Excerpts from a dataset:
= = = =

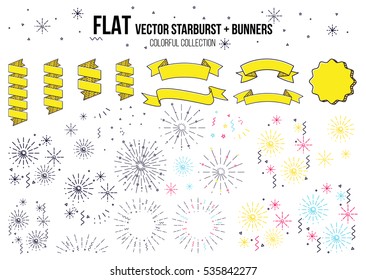 Colorful fireworks set isolated on white background, vector illustration ribbon and firework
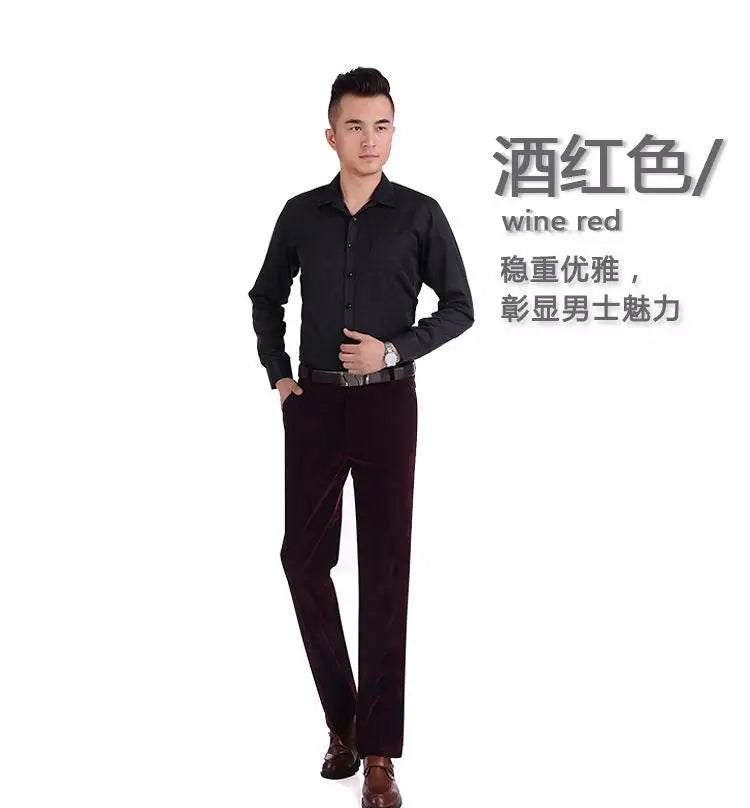 Business Casual Men Corduroy Pants Autumn Winter New Solid Zipper Pockets Simplicity Fashion Loose Thicken Straight Trousers.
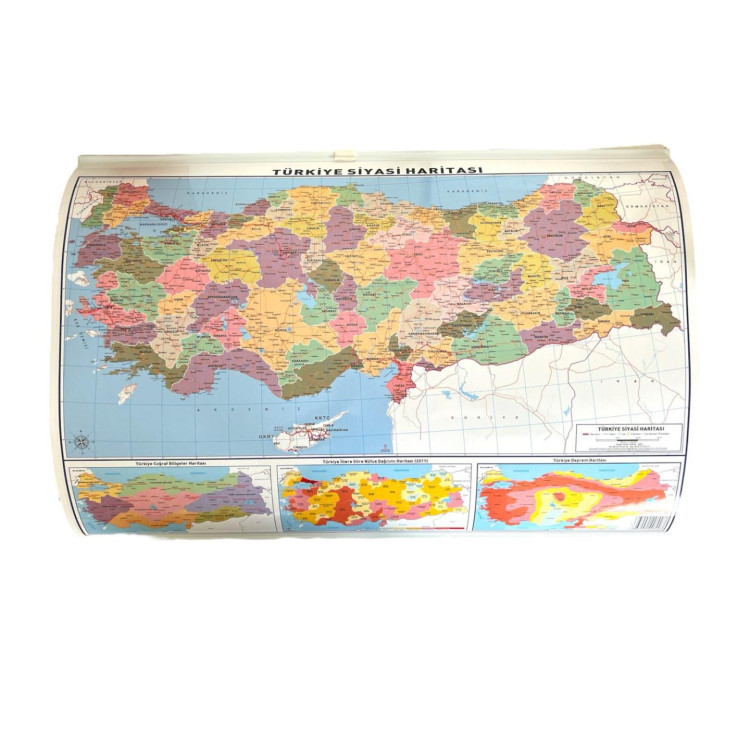 ODAK TÜRKİYE HARİTASI FİZİKİ-SİYASİ 50X70 5'li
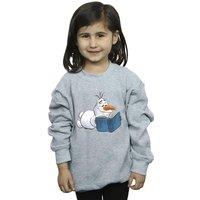 Disney Girl's Frozen Olaf Reading Sweatshirt in Grey | Size: 3-4 Years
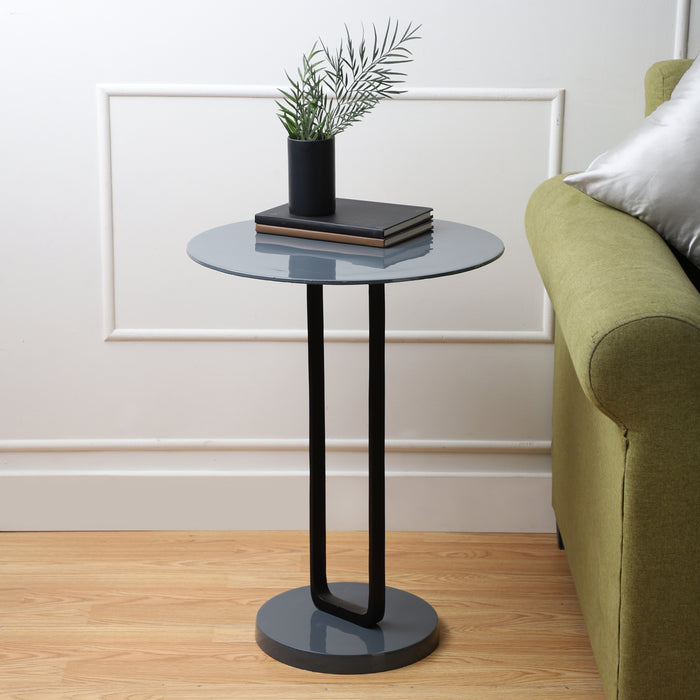 Irwin's Table by De Maison Decor Black Top & Base with Stand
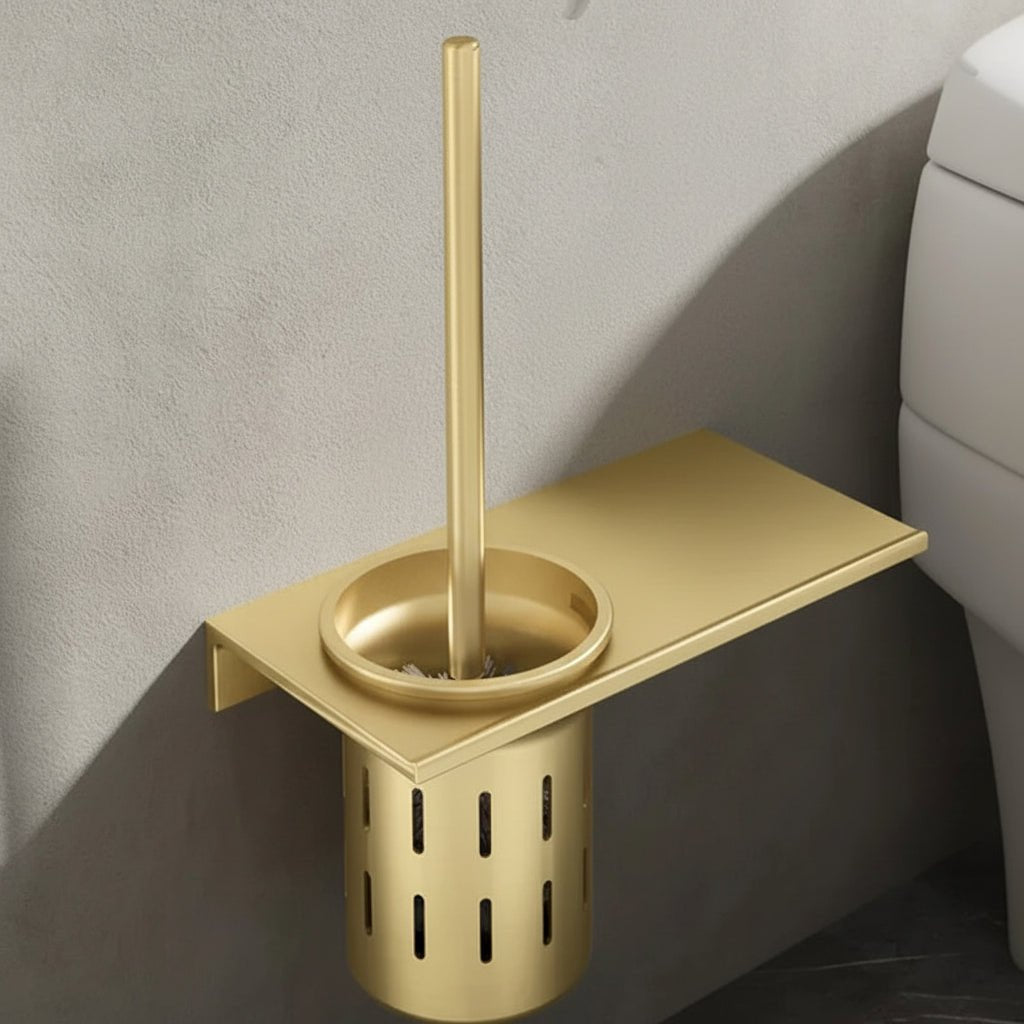 LuxeGold Wall-Mounted Toilet Brush Set for Modern Bathrooms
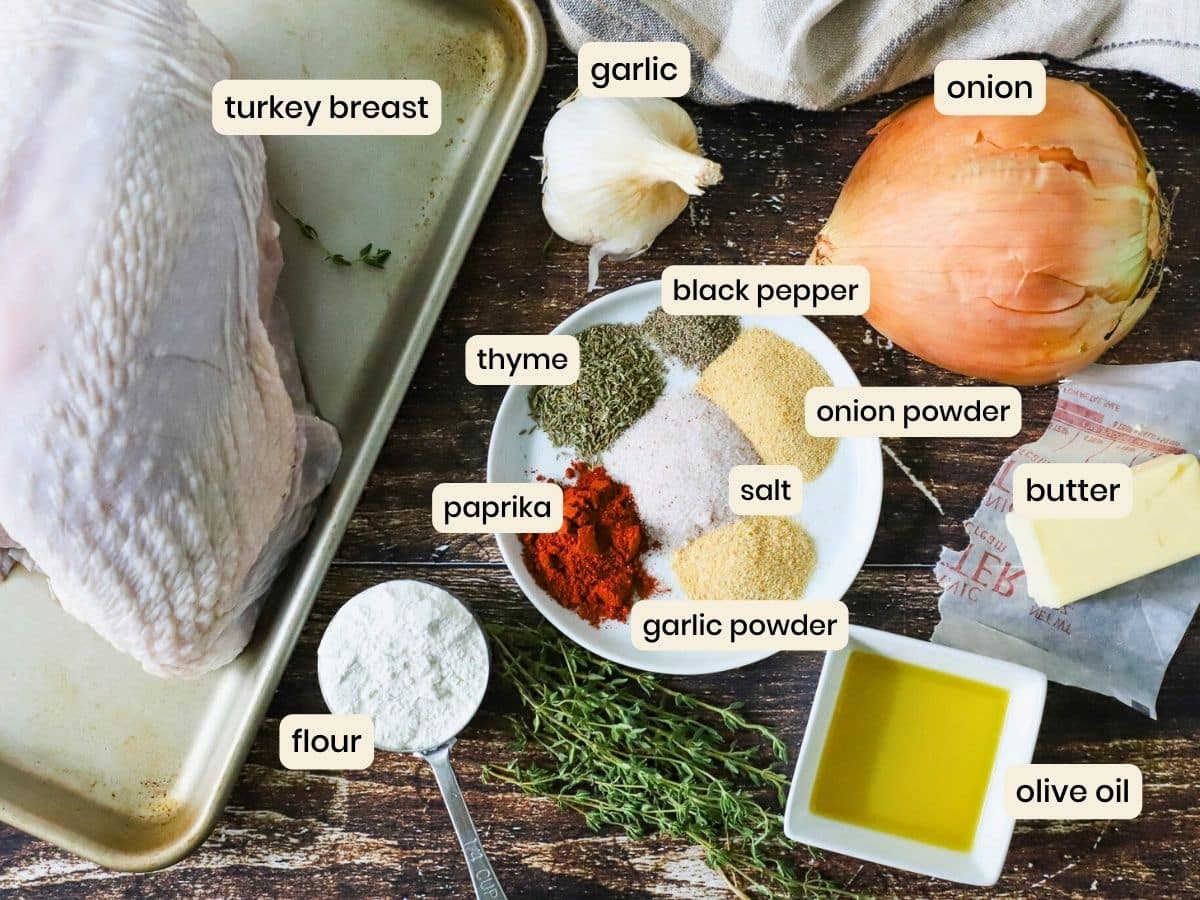 Ingredients to make a slow cooker turkey.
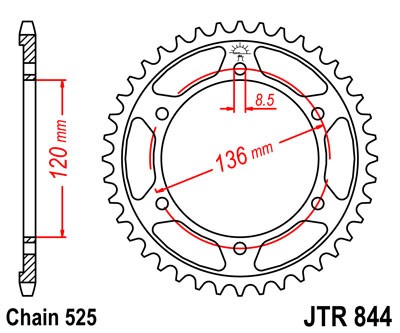 Obrázek produktu Řetězová rozeta JT JTR 844-44 44 zubů, 525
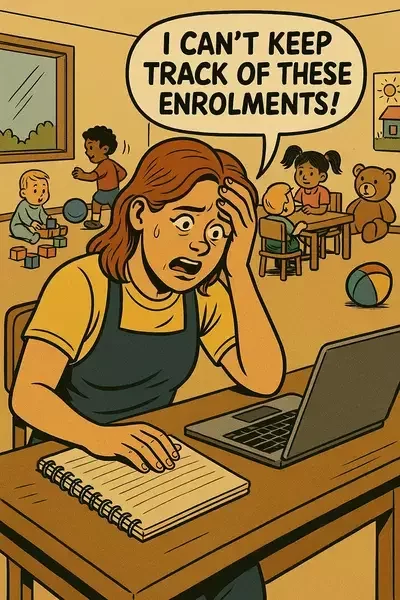 This image shows a stressed childcare worker sitting at a desk with a notebook and laptop, overwhelmed by enrolment tracking while children play in the background.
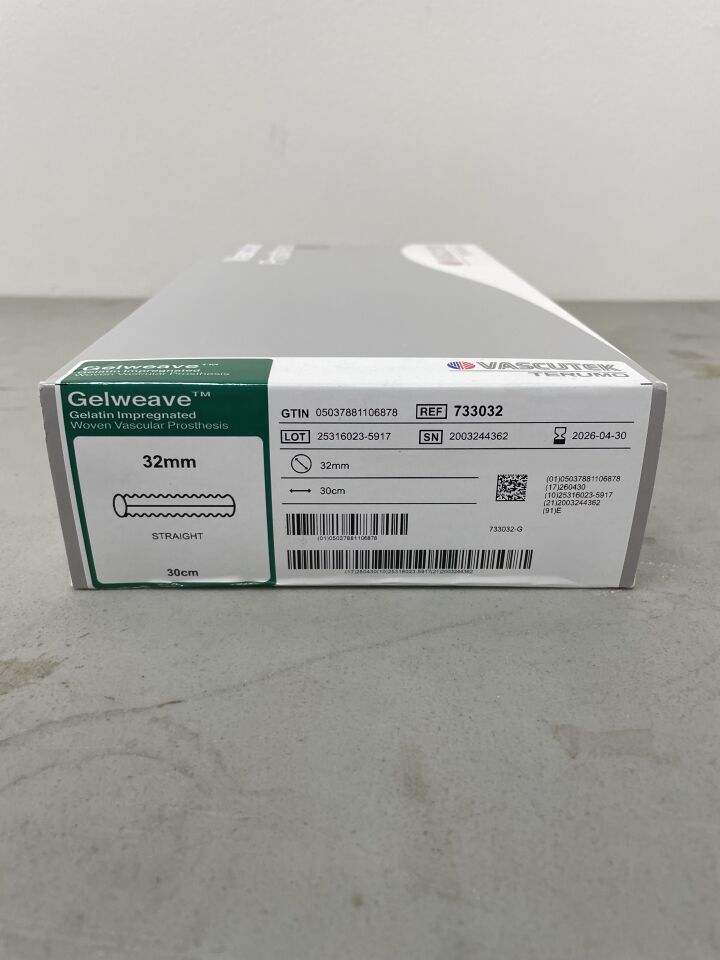 733032 - TERUMO - Vascutek Gelweave Vascular Graft, Straight 32mm x 30cm, (BX/1)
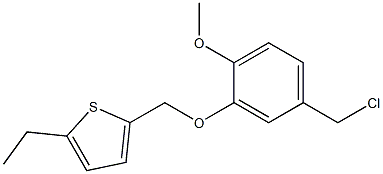 2-[5-(chloromethyl)-2-methoxyphenoxymethyl]-5-ethylthiophene Struktur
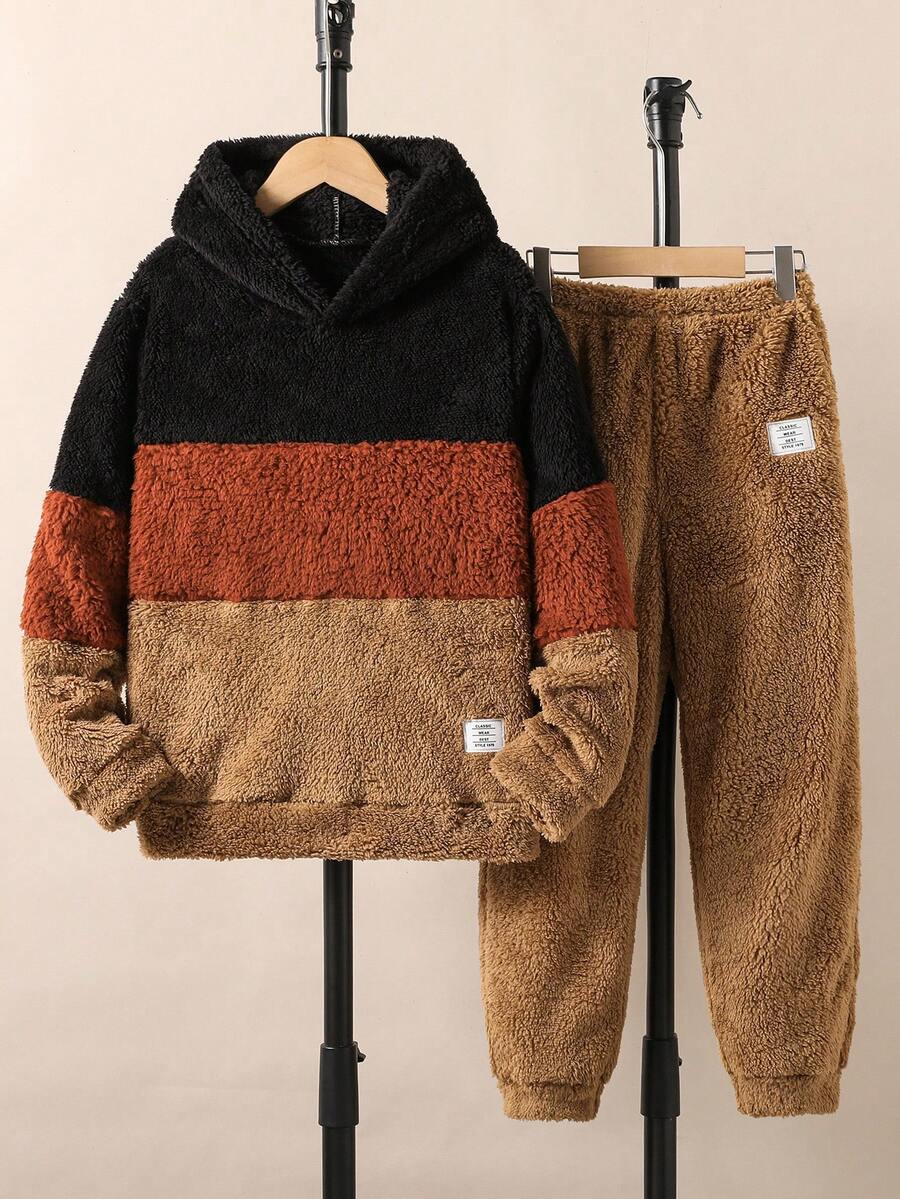 2pcs Tween Boys Casual Fleece Patchwork Contrast Color Hoodie Sweatshirt And Solid Color Sweatpants Set, Autumn/Winter - Brown - View 1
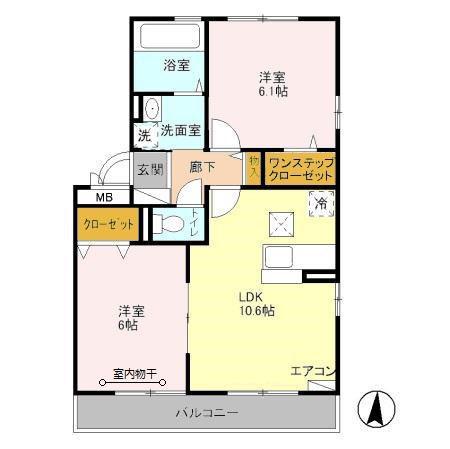 シャルマンドミールA(2LDK/1階)の間取り写真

= = = =

Your instructions: Word for word, print every record, and leave out any picture.

Answer box:
 Colorful fireworks set isolated on white background, vector illustration ribbon and firework
 Business Casual Men Corduroy Pants Autumn Winter New Solid Zipper Pockets Simplicity Fashion Loose Thicken Straight Trousers.
 ODAK TÜRKİYE HARİTASI FİZİKİ-SİYASİ 50X70 5'li
 Disney Girl's Frozen Olaf Reading Sweatshirt in Grey | Size: 3-4 Years
 Irwin's Table by De Maison Decor Black Top & Base with Stand
 LuxeGold Wall-Mounted Toilet Brush Set for Modern Bathrooms
 Ingredients to make a slow cooker turkey.
 Obrázek produktu Řetězová rozeta JT JTR 844-44 44 zubů, 525
 This image shows a stressed childcare worker sitting at a desk with a notebook and laptop, overwhelmed by enrolment tracking while children play in the background.
 733032 - TERUMO - Vascutek Gelweave Vascular Graft, Straight 32mm x 30cm, (BX/1)
 2-[5-(chloromethyl)-2-methoxyphenoxymethyl]-5-ethylthiophene Struktur
 2pcs Tween Boys Casual Fleece Patchwork Contrast Color Hoodie Sweatshirt And Solid Color Sweatpants Set, Autumn/Winter - Brown - View 1
 シャルマンドミールA(2LDK/1階)の間取り写真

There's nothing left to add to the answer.